With A Strike Looming, What Does That Mean For 911?

94 per cent of EPS emergency call workers are CSU 52 members. The City wants those workers exempt. The union says if their workers are essential, the City should designate them as such. Who blinks first?

Edmonton Fire Rescue
911 call dispatchers are among those that may be heading to the picket line this month. What does that mean for 911?

Most people would consider services like policing, fire rescue and ambulance essential. Without them, our basic safety becomes compromised. But what about the people behind the scenes? The ones picking up the phones when you dial 911? How essential are they?

That’s the question at the core of a dispute between the City of Edmonton and the Civic Service Union 52 (CSU 52) over whether 911 workers should be exempt from any upcoming work stoppages.
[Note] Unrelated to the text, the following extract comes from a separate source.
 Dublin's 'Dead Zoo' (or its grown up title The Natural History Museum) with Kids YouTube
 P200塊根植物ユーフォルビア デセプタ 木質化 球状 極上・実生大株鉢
Under Alberta’s Labour Relations Code, services deemed essential to public safety or health are legislatively unable to strike. Instead, they’re guaranteed mandatory mediation and arbitration in labour disputes. But dispatchers in Edmonton aren’t legally considered essential, meaning a significant chunk — roughly 94 per cent, according to EPS — of the people working answering emergency calls could be on the picket line.

The question that raises is ‘what happens to 911 services if there’s a strike?’ The answer isn’t entirely clear.

Urban Affairs reached out to both the City of Edmonton and Edmonton Police Service (EPS) to ask how losing staff to a work stoppage might affect operations. Neither gave us a clear answer. Instead, they offered a statement saying the City and EPS have contingency plans in place to ensure “critical operations continue” (note they didn’t say essential). However, they didn’t provide any detail as to what those contingency plans might be.

There are ways to avoid disruption entirely, however. The City and CSU 52 could jointly submit an application to the Alberta Labour Relations Board (ALRB) to have emergency communications members designated as essential, or the CSU 52 could voluntarily exempt them from any upcoming strike action.

In its statement to Urban Affairs, it’s obvious which method the City prefers.

“The process for CSU members to be exempt from the strike action does not require an application to the Alberta Labour Relations Board,” the statement reads. “CSU can agree to exempt workers from the strike action.”

And it has, just not for the workers the City is talking about here. Union president Lanny Chudyk has exempted members who work in Edmonton’s dedicated accessible transit service (DATS) but said much of the exemption requests he’s received from the City and EPS would render a work stoppage toothless.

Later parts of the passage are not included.